Smugglers' Bazaar II


Smugglers' Bazaar
PESHAWAR, Pakistan
January 20, 2011

Emma and I went out to the Smugglers' Bazaar yesterday afternoon. It was her first time browsing through the stalls offering products looted from NATO shipments. As with last month, I concentrated my purchases mostly on American junk food:


David Inspects Boots
and Gas Mask

This time I paid more attention to the materiel on offer. I paid 65 rupees for a thermal infusor that plugs into an electrical socket to boil up a cup of water. That could be useful for making tea somewhere further down the road on this trip. Lying in front of another stall, one cardboard box among many held file folders of personnel information. The few folders I flipped through didn't look like terribly high-level information. The name of a (presumably) deployed soldier was written on each folder's tab.

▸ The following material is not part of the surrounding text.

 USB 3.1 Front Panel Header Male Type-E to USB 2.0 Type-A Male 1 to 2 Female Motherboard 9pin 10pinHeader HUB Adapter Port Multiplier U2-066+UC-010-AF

Inside were forms: lists checking off which gear had been issued to that particular soldier and other boring paperwork.

I was more intrigued by a folding chart and glossy color publication, the "Counter-Sniper Pocket Guide". I paid ten rupees for the fold-up manual. It's largest type proclaimed:

Do not forget that the best way to stop the SNIPER is to KILL THE SNIPER!

Let them escape and they will attack someone else, somewhere else.

But for the subject matter, each section of the leaflet could have been drawn from a corporate business presentation. Next to the large type was a flow chart of words in circles feeding into each other ending in an arrow that looped back to the first circle:

Observe => Orient => Decide => Act ↵


Slice the Pie. Kill the Sniper!
A small patch underneath the heading "REPORTING" was kept blank except for six ruled lines, each terminating in the acronym "S.A.L.U.T.E.": S-Size, A-Activity, L-Location, U-Unit/Uniform, T-Time and Date, E-Equipment

Under the heading "Locating Sniper Positions 'Slice the Pie'" were diagrams of circles and triangles with semi-shaded areas that looked more like expense graphs than instructions for an infantryman.

After we'd each loaded up on ample booty, Emma and I hopped on a city bus to Islamia College to meet Irina after her Pashto class. The three of us finished our evening by educating ourselves in the art of the counter-snipe--followed by a bowl of peach-flavored tobacco at a nearby shishah lounge.